I've started a course on Markov chains which requires use of conditional probabilities all the time. I don't have much experience with conditional probabilities from my previous courses in probability theory. It's natural to wonder then, which of the standard results/identities/tricks continue to hold for conditional probabilities?
Suppose $A,B,A_j$ are events for all $j$. Then we know that $$ (1) \quad P(A \cup B) = P(A) + P(B) - P(A \cap B)\\ (2) \quad P(A^c) = 1-P(A) \\ (3) \quad P(A_1 \cup A_2 \cup \cdots \cup A_n) = \prod_j P(A_j) \quad \text{if $A_j,A_k$ are independent for all $j,k$}\\ (4) \quad A \subset B \quad \implies P(A) \leq P(B)\\ (5) \quad P(\varnothing) = 0 \\ \vdots $$ (If I have forgotten some standard tricks, feel free to edit them in.)

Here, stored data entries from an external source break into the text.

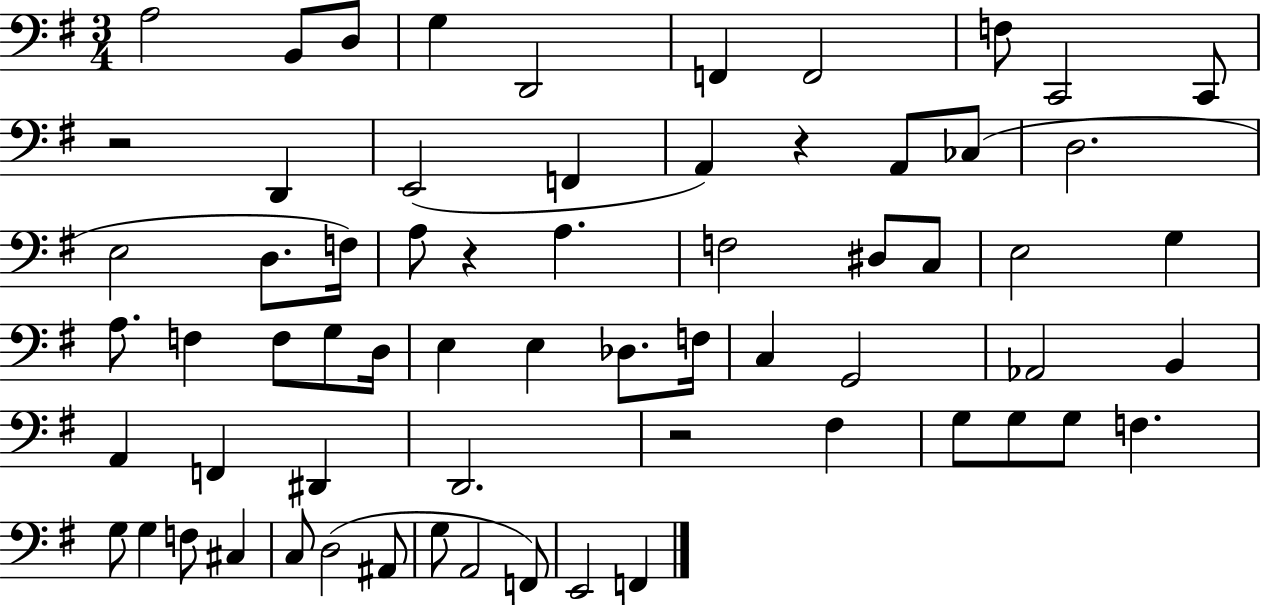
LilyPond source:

{
  \clef bass
  \numericTimeSignature
  \time 3/4
  \key g \major
  a2 b,8 d8 | g4 d,2 | f,4 f,2 | f8 c,2 c,8 | \break r2 d,4 | e,2( f,4 | a,4) r4 a,8 ces8( | d2. | \break e2 d8. f16) | a8 r4 a4. | f2 dis8 c8 | e2 g4 | \break a8. f4 f8 g8 d16 | e4 e4 des8. f16 | c4 g,2 | aes,2 b,4 | \break a,4 f,4 dis,4 | d,2. | r2 fis4 | g8 g8 g8 f4. | \break g8 g4 f8 cis4 | c8 d2( ais,8 | g8 a,2 f,8) | e,2 f,4 | \break \bar "|."
}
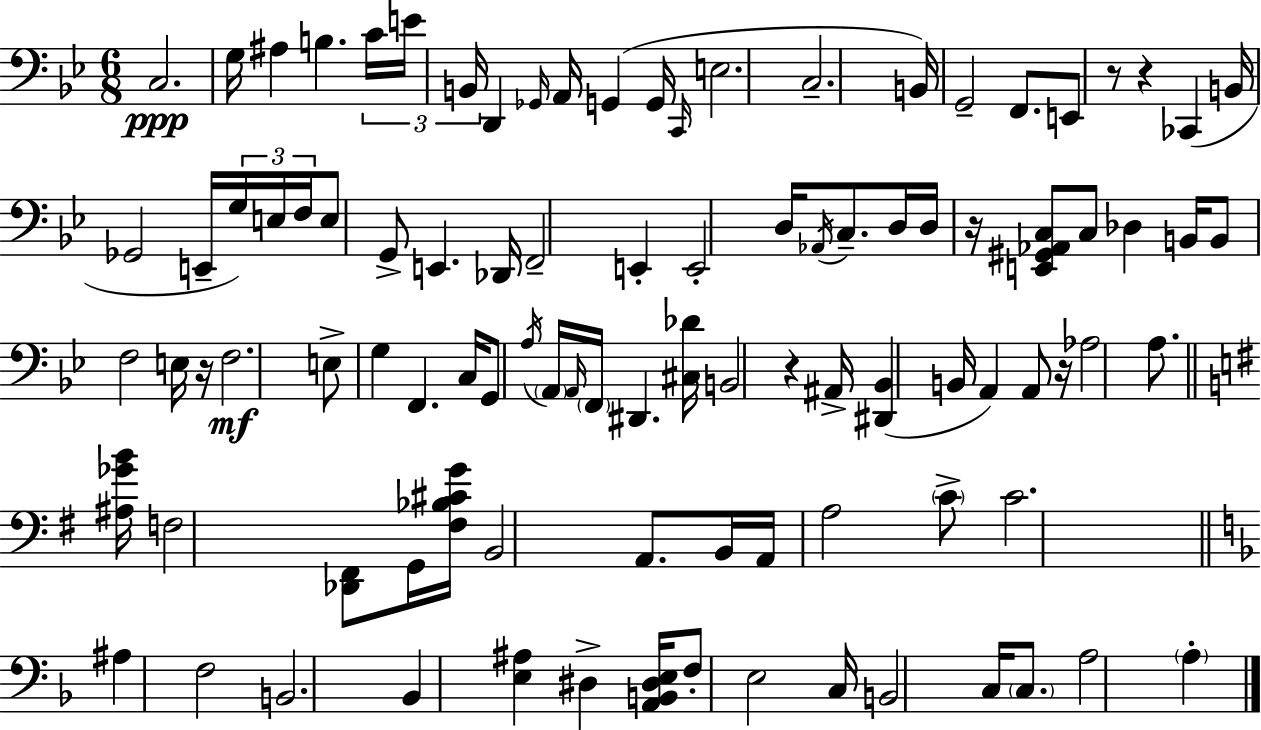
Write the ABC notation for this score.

X:1
T:Untitled
M:6/8
L:1/4
K:Gm
C,2 G,/4 ^A, B, C/4 E/4 B,,/4 D,, _G,,/4 A,,/4 G,, G,,/4 C,,/4 E,2 C,2 B,,/4 G,,2 F,,/2 E,,/2 z/2 z _C,, B,,/4 _G,,2 E,,/4 G,/4 E,/4 F,/4 E,/2 G,,/2 E,, _D,,/4 F,,2 E,, E,,2 D,/4 _A,,/4 C,/2 D,/4 D,/4 z/4 [E,,^G,,_A,,C,]/2 C,/2 _D, B,,/4 B,,/2 F,2 E,/4 z/4 F,2 E,/2 G, F,, C,/4 G,,/2 A,/4 A,,/4 A,,/4 F,,/4 ^D,, [^C,_D]/4 B,,2 z ^A,,/4 [^D,,_B,,] B,,/4 A,, A,,/2 z/4 _A,2 A,/2 [^A,_GB]/4 F,2 [_D,,^F,,]/2 G,,/4 [^F,_B,^CG]/4 B,,2 A,,/2 B,,/4 A,,/4 A,2 C/2 C2 ^A, F,2 B,,2 _B,, [E,^A,] ^D, [A,,B,,^D,E,]/4 F,/2 E,2 C,/4 B,,2 C,/4 C,/2 A,2 A,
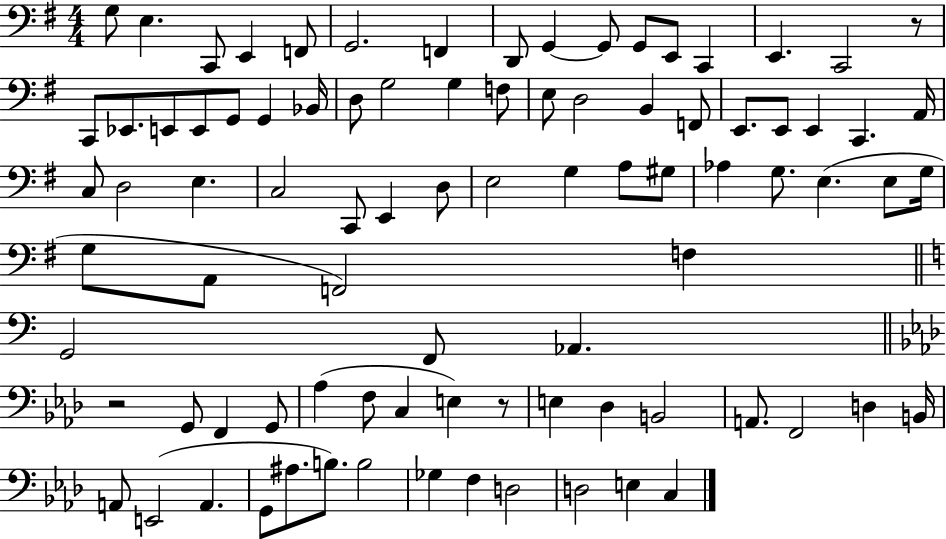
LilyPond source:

{
  \clef bass
  \numericTimeSignature
  \time 4/4
  \key g \major
  \repeat volta 2 { g8 e4. c,8 e,4 f,8 | g,2. f,4 | d,8 g,4~~ g,8 g,8 e,8 c,4 | e,4. c,2 r8 | \break c,8 ees,8. e,8 e,8 g,8 g,4 bes,16 | d8 g2 g4 f8 | e8 d2 b,4 f,8 | e,8. e,8 e,4 c,4. a,16 | \break c8 d2 e4. | c2 c,8 e,4 d8 | e2 g4 a8 gis8 | aes4 g8. e4.( e8 g16 | \break g8 a,8 f,2) f4 | \bar "||" \break \key c \major g,2 f,8 aes,4. | \bar "||" \break \key aes \major r2 g,8 f,4 g,8 | aes4( f8 c4 e4) r8 | e4 des4 b,2 | a,8. f,2 d4 b,16 | \break a,8 e,2( a,4. | g,8 ais8. b8.) b2 | ges4 f4 d2 | d2 e4 c4 | \break } \bar "|."
}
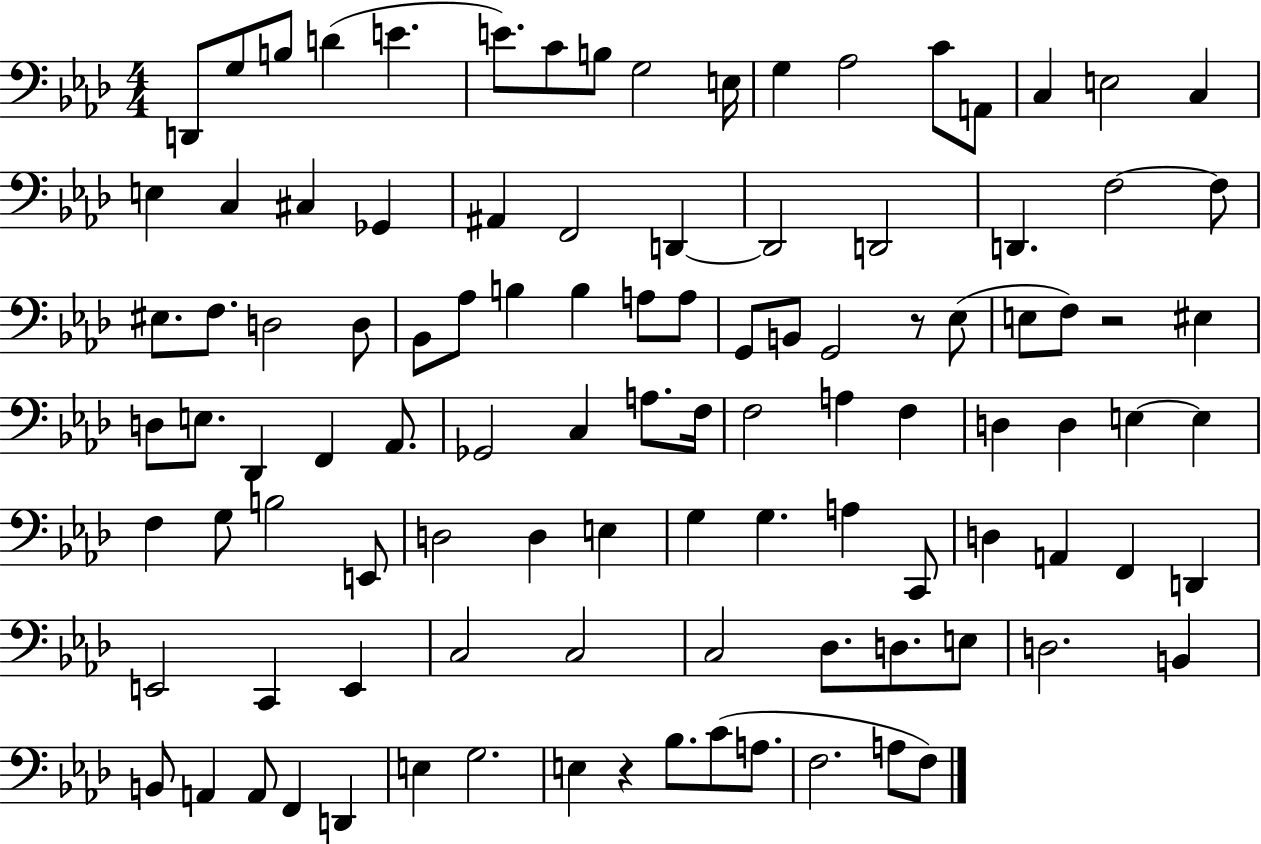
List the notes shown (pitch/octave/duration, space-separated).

D2/e G3/e B3/e D4/q E4/q. E4/e. C4/e B3/e G3/h E3/s G3/q Ab3/h C4/e A2/e C3/q E3/h C3/q E3/q C3/q C#3/q Gb2/q A#2/q F2/h D2/q D2/h D2/h D2/q. F3/h F3/e EIS3/e. F3/e. D3/h D3/e Bb2/e Ab3/e B3/q B3/q A3/e A3/e G2/e B2/e G2/h R/e Eb3/e E3/e F3/e R/h EIS3/q D3/e E3/e. Db2/q F2/q Ab2/e. Gb2/h C3/q A3/e. F3/s F3/h A3/q F3/q D3/q D3/q E3/q E3/q F3/q G3/e B3/h E2/e D3/h D3/q E3/q G3/q G3/q. A3/q C2/e D3/q A2/q F2/q D2/q E2/h C2/q E2/q C3/h C3/h C3/h Db3/e. D3/e. E3/e D3/h. B2/q B2/e A2/q A2/e F2/q D2/q E3/q G3/h. E3/q R/q Bb3/e. C4/e A3/e. F3/h. A3/e F3/e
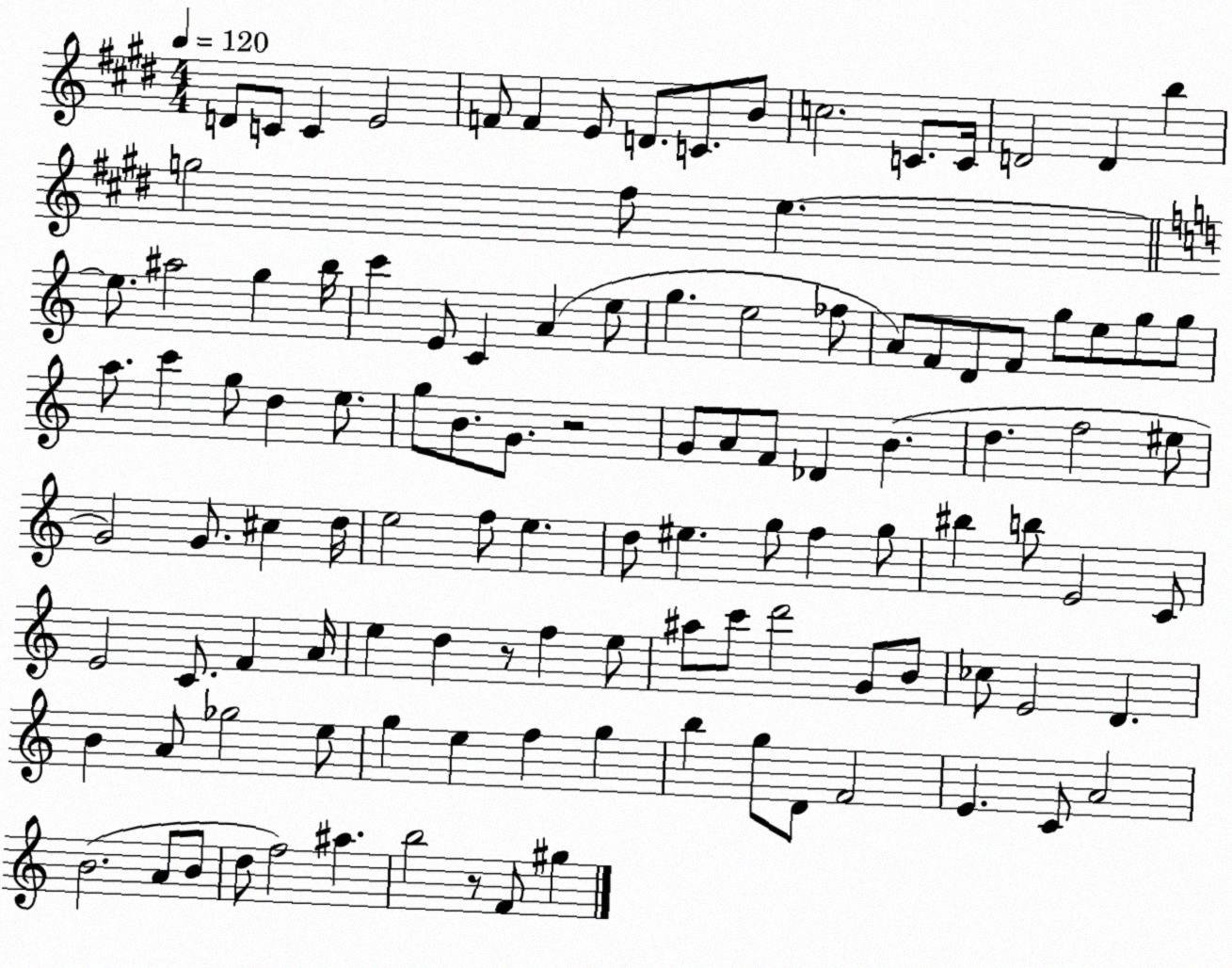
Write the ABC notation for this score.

X:1
T:Untitled
M:4/4
L:1/4
K:E
D/2 C/2 C E2 F/2 F E/2 D/2 C/2 B/2 c2 C/2 C/4 D2 D b g2 ^f/2 e e/2 ^a2 g b/4 c' E/2 C A e/2 g e2 _f/2 A/2 F/2 D/2 F/2 g/2 e/2 g/2 g/2 a/2 c' g/2 d e/2 g/2 B/2 G/2 z2 G/2 A/2 F/2 _D B d f2 ^e/2 G2 G/2 ^c d/4 e2 f/2 e d/2 ^e g/2 f g/2 ^b b/2 E2 C/2 E2 C/2 F A/4 e d z/2 f e/2 ^a/2 c'/2 d'2 G/2 B/2 _c/2 E2 D B A/2 _g2 e/2 g e f g b g/2 D/2 F2 E C/2 A2 B2 A/2 B/2 d/2 f2 ^a b2 z/2 F/2 ^g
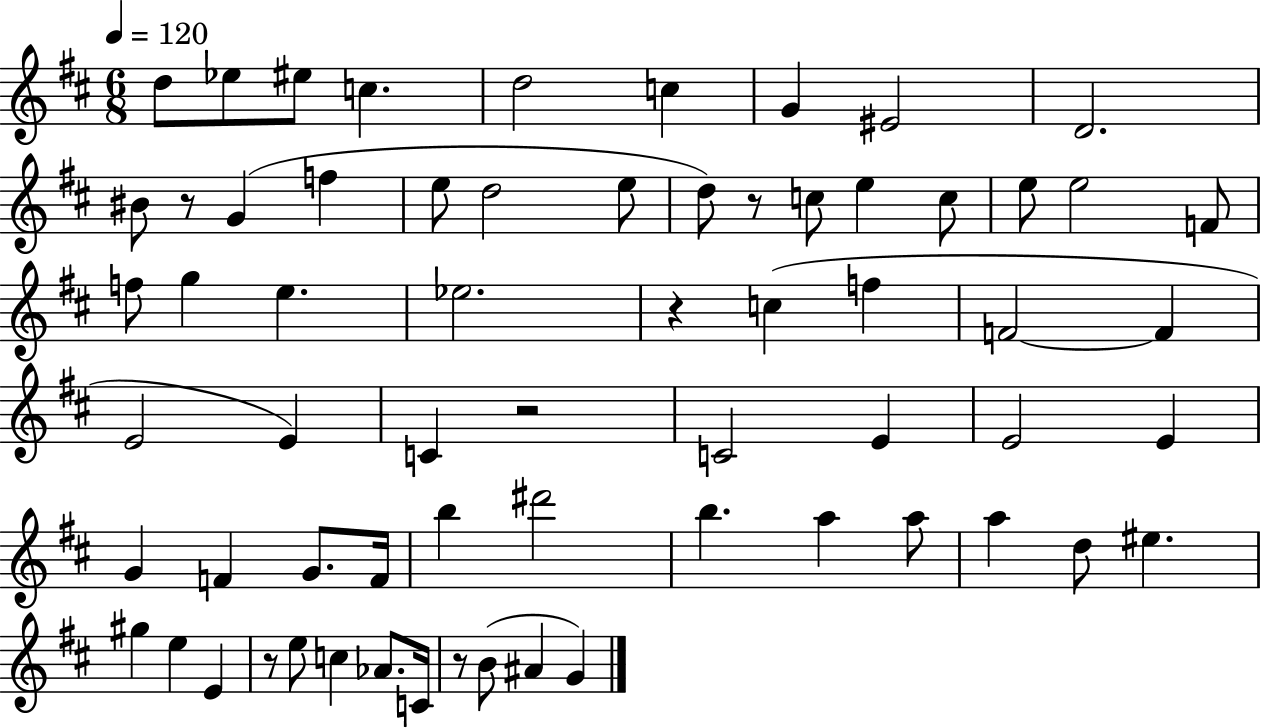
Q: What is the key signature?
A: D major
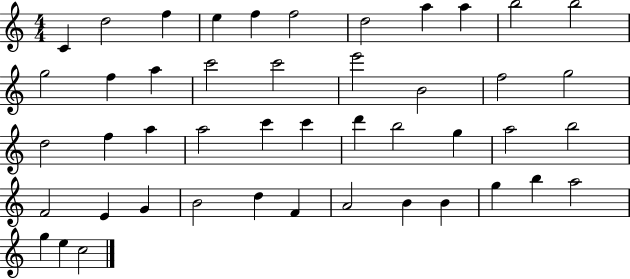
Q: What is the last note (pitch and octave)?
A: C5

My question is then, do all the standard tricks we use from ordinary probability theory continue to hold for conditional probabilities in general? i.e. does $$P(A \cup B) = P(A) + P(B) - P(A \cap B) \implies P(A \cup B|C) = P(A|C) + P(B|C) - P(A \cap B|C) \\ P(A^c) = 1 - P(A) \implies P(A^c|C) = 1 - P(A|C)\\ \vdots $$ and so on for all the tricks?